WORK REQUIRED: Reproduce the records precisely. Every line should be included.

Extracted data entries
___

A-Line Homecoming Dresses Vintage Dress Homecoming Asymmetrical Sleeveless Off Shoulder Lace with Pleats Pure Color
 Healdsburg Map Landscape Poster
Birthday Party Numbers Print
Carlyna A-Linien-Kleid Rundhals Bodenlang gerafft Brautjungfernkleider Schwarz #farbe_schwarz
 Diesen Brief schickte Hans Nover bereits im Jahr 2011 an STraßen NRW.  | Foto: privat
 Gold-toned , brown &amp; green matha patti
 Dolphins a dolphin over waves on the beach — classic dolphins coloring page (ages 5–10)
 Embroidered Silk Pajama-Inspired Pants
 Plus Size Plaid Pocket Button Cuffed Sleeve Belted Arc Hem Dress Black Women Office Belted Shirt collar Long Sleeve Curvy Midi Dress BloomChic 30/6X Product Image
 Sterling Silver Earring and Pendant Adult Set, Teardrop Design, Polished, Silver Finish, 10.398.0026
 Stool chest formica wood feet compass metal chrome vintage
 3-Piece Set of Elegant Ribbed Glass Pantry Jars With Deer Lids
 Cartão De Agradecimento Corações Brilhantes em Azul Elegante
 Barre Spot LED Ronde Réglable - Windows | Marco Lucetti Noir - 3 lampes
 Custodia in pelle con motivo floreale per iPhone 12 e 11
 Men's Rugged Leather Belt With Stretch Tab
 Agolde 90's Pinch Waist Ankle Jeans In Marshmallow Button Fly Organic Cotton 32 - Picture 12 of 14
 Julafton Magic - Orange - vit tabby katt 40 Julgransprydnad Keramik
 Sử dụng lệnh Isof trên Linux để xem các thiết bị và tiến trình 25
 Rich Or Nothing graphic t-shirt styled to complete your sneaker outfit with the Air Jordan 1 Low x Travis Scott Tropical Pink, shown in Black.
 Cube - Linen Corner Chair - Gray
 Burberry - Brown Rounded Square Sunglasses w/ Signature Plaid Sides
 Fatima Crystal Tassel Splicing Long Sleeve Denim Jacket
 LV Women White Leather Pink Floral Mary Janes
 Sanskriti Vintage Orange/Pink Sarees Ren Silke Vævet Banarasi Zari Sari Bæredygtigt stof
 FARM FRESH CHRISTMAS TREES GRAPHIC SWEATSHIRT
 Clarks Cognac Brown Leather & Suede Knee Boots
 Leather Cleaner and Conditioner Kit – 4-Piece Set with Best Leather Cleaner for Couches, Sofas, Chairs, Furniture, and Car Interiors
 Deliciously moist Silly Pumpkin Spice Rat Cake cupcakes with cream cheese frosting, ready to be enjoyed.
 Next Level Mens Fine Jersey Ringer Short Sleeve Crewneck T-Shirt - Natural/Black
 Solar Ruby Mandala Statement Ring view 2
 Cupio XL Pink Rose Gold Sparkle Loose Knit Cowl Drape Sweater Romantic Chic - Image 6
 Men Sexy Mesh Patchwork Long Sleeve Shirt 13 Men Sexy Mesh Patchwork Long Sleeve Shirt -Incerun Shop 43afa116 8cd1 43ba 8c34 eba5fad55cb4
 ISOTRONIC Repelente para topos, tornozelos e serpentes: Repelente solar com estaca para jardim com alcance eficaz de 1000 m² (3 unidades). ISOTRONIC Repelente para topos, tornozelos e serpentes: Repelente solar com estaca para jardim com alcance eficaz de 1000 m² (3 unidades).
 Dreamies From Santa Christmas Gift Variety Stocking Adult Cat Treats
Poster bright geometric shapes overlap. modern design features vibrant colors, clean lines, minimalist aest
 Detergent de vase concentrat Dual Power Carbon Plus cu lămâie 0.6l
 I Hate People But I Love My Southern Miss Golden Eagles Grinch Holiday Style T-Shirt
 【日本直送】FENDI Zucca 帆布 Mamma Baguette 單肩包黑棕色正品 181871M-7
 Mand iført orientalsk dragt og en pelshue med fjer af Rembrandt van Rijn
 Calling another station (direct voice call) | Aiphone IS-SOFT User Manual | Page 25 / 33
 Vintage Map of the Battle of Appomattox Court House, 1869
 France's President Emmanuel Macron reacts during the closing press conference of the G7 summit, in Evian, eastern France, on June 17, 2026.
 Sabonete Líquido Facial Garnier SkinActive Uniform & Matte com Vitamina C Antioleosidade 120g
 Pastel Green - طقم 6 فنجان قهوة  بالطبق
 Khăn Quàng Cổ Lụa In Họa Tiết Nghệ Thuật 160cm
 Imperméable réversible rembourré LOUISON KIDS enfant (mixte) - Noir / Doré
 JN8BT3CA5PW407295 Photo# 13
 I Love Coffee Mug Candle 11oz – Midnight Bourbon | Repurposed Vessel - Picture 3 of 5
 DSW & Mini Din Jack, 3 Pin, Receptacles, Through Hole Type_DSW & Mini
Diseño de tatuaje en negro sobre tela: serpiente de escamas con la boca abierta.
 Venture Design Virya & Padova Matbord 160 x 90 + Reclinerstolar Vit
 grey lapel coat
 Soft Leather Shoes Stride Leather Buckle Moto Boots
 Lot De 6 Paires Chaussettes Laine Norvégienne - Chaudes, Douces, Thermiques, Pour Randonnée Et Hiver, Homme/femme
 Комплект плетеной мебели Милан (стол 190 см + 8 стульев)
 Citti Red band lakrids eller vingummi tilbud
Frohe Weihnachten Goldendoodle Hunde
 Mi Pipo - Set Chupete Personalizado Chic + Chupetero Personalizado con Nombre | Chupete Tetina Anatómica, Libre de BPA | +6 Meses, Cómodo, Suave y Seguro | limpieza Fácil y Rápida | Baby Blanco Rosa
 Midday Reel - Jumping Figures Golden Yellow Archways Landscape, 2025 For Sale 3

___

TASK RESULT:
A-Line Homecoming Dresses Vintage Dress Homecoming Asymmetrical Sleeveless Off Shoulder Lace with Pleats Pure Color
 Healdsburg Map Landscape Poster
Birthday Party Numbers Print
Carlyna A-Linien-Kleid Rundhals Bodenlang gerafft Brautjungfernkleider Schwarz #farbe_schwarz
 Diesen Brief schickte Hans Nover bereits im Jahr 2011 an STraßen NRW.  | Foto: privat
 Gold-toned , brown &amp; green matha patti
 Dolphins a dolphin over waves on the beach — classic dolphins coloring page (ages 5–10)
 Embroidered Silk Pajama-Inspired Pants
 Plus Size Plaid Pocket Button Cuffed Sleeve Belted Arc Hem Dress Black Women Office Belted Shirt collar Long Sleeve Curvy Midi Dress BloomChic 30/6X Product Image
 Sterling Silver Earring and Pendant Adult Set, Teardrop Design, Polished, Silver Finish, 10.398.0026
 Stool chest formica wood feet compass metal chrome vintage
 3-Piece Set of Elegant Ribbed Glass Pantry Jars With Deer Lids
 Cartão De Agradecimento Corações Brilhantes em Azul Elegante
 Barre Spot LED Ronde Réglable - Windows | Marco Lucetti Noir - 3 lampes
 Custodia in pelle con motivo floreale per iPhone 12 e 11
 Men's Rugged Leather Belt With Stretch Tab
 Agolde 90's Pinch Waist Ankle Jeans In Marshmallow Button Fly Organic Cotton 32 - Picture 12 of 14
 Julafton Magic - Orange - vit tabby katt 40 Julgransprydnad Keramik
 Sử dụng lệnh Isof trên Linux để xem các thiết bị và tiến trình 25
 Rich Or Nothing graphic t-shirt styled to complete your sneaker outfit with the Air Jordan 1 Low x Travis Scott Tropical Pink, shown in Black.
 Cube - Linen Corner Chair - Gray
 Burberry - Brown Rounded Square Sunglasses w/ Signature Plaid Sides
 Fatima Crystal Tassel Splicing Long Sleeve Denim Jacket
 LV Women White Leather Pink Floral Mary Janes
 Sanskriti Vintage Orange/Pink Sarees Ren Silke Vævet Banarasi Zari Sari Bæredygtigt stof
 FARM FRESH CHRISTMAS TREES GRAPHIC SWEATSHIRT
 Clarks Cognac Brown Leather & Suede Knee Boots
 Leather Cleaner and Conditioner Kit – 4-Piece Set with Best Leather Cleaner for Couches, Sofas, Chairs, Furniture, and Car Interiors
 Deliciously moist Silly Pumpkin Spice Rat Cake cupcakes with cream cheese frosting, ready to be enjoyed.
 Next Level Mens Fine Jersey Ringer Short Sleeve Crewneck T-Shirt - Natural/Black
 Solar Ruby Mandala Statement Ring view 2
 Cupio XL Pink Rose Gold Sparkle Loose Knit Cowl Drape Sweater Romantic Chic - Image 6
 Men Sexy Mesh Patchwork Long Sleeve Shirt 13 Men Sexy Mesh Patchwork Long Sleeve Shirt -Incerun Shop 43afa116 8cd1 43ba 8c34 eba5fad55cb4
 ISOTRONIC Repelente para topos, tornozelos e serpentes: Repelente solar com estaca para jardim com alcance eficaz de 1000 m² (3 unidades). ISOTRONIC Repelente para topos, tornozelos e serpentes: Repelente solar com estaca para jardim com alcance eficaz de 1000 m² (3 unidades).
 Dreamies From Santa Christmas Gift Variety Stocking Adult Cat Treats
Poster bright geometric shapes overlap. modern design features vibrant colors, clean lines, minimalist aest
 Detergent de vase concentrat Dual Power Carbon Plus cu lămâie 0.6l
 I Hate People But I Love My Southern Miss Golden Eagles Grinch Holiday Style T-Shirt
 【日本直送】FENDI Zucca 帆布 Mamma Baguette 單肩包黑棕色正品 181871M-7
 Mand iført orientalsk dragt og en pelshue med fjer af Rembrandt van Rijn
 Calling another station (direct voice call) | Aiphone IS-SOFT User Manual | Page 25 / 33
 Vintage Map of the Battle of Appomattox Court House, 1869
 France's President Emmanuel Macron reacts during the closing press conference of the G7 summit, in Evian, eastern France, on June 17, 2026.
 Sabonete Líquido Facial Garnier SkinActive Uniform & Matte com Vitamina C Antioleosidade 120g
 Pastel Green - طقم 6 فنجان قهوة  بالطبق
 Khăn Quàng Cổ Lụa In Họa Tiết Nghệ Thuật 160cm
 Imperméable réversible rembourré LOUISON KIDS enfant (mixte) - Noir / Doré
 JN8BT3CA5PW407295 Photo# 13
 I Love Coffee Mug Candle 11oz – Midnight Bourbon | Repurposed Vessel - Picture 3 of 5
 DSW & Mini Din Jack, 3 Pin, Receptacles, Through Hole Type_DSW & Mini
Diseño de tatuaje en negro sobre tela: serpiente de escamas con la boca abierta.
 Venture Design Virya & Padova Matbord 160 x 90 + Reclinerstolar Vit
 grey lapel coat
 Soft Leather Shoes Stride Leather Buckle Moto Boots
 Lot De 6 Paires Chaussettes Laine Norvégienne - Chaudes, Douces, Thermiques, Pour Randonnée Et Hiver, Homme/femme
 Комплект плетеной мебели Милан (стол 190 см + 8 стульев)
 Citti Red band lakrids eller vingummi tilbud
Frohe Weihnachten Goldendoodle Hunde
 Mi Pipo - Set Chupete Personalizado Chic + Chupetero Personalizado con Nombre | Chupete Tetina Anatómica, Libre de BPA | +6 Meses, Cómodo, Suave y Seguro | limpieza Fácil y Rápida | Baby Blanco Rosa
 Midday Reel - Jumping Figures Golden Yellow Archways Landscape, 2025 For Sale 3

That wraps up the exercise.